An operations and numbers man, Krishnamurthy was picked as CEO on the basis of his ability to look at data and rationalise costs, improve efficiency and reduce losses.
Flipkart is years away from profits as it built a model that rewarded customers to buy goods at lower than cost price— the company bought their loyalty with discounts. At the same time, it also splurged cash on offices, hiring expensive resources from Silicon Valley and giving several engineers salaries that were unheard of in India’s start-up circles.
While slashing costs and improving efficiency, in the months leading up to his appointment to the post, Krishnamurthy, as the head of category design, ensured Flipkart performed far better than Amazon in the last festival season, a time when industry watchers expected the US retailer to trounce its rivals.
Even in his previous stint with Flipkart as CFO for a year from 2013 to 2014 (he left Flipkart in 2014 and rejoined in June 2016), the company’s growth accelerated massively, which helped its valuation swell to a whopping $15.2 billion. With razor sharp focus on execution, Krishnamurthy is said to be the perfect man for turning around Flipkart’s fortunes, even if he might not be a long-term strategist.

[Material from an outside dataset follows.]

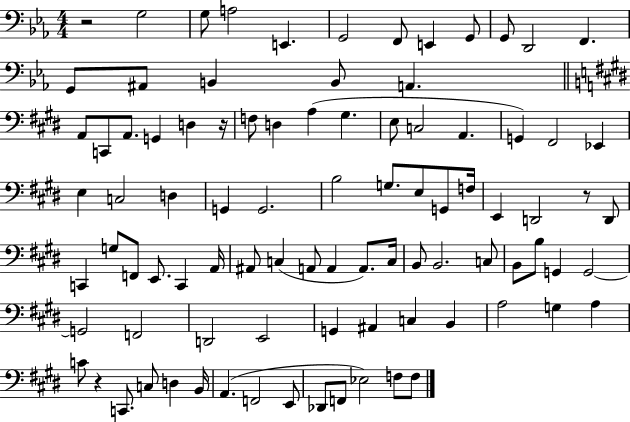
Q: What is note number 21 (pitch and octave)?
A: D3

With indications of Tiger Global looking to make an exit from Flipkart, Krishnamurthy’s job would be to cut losses, which stood at around Rs 3,600 crore in the year that ended March 2016.
In the past few months he has done precisely that by focusing on a few sectors such as fashion, large appliances and electronics where the company brought back iconic brands such as BPL and Sansui to be sold exclusively on the platform, which helped it earn higher margins than brands such as Samsung. Flipkart also signed up exclusive deals with smartphone makers such as LeEco and thereby stayed ahead of Amazon and yet slowed down cash burn significantly.
Krishnamurthy led Myntra’s acquisition of Jabong in July for $70 million, a deal which turned out to be sweeter than expected when the company realised that the customer overlap between the two fashion retailers was just 30 per cent. Jabong was snatched from the hands of home-grown rival Snapdeal, which still does not have a fashion portal in its portfolio, as Krishnamurthy pushed to close the deal in a record three days.
In November, Flipkart said that Jabong’s revenues were up 50 per cent and it had become unit-economics positive, which helped it dominate the Indian online fashion market with a two-thirds share. Amazon has launched its own private fashion labels and is also betting on growth in the high-margin business in which Flipkart has an edge over it.
Krishnamurthy is a hands-on leader who prefers to meet vendors directly and inspires confidence— an important facet of running an e-commerce marketplace. Moreover, even with his own team, Krishnamurthy moves beyond rank, often directly approaching mid- and entry-level employees in order to understand things better.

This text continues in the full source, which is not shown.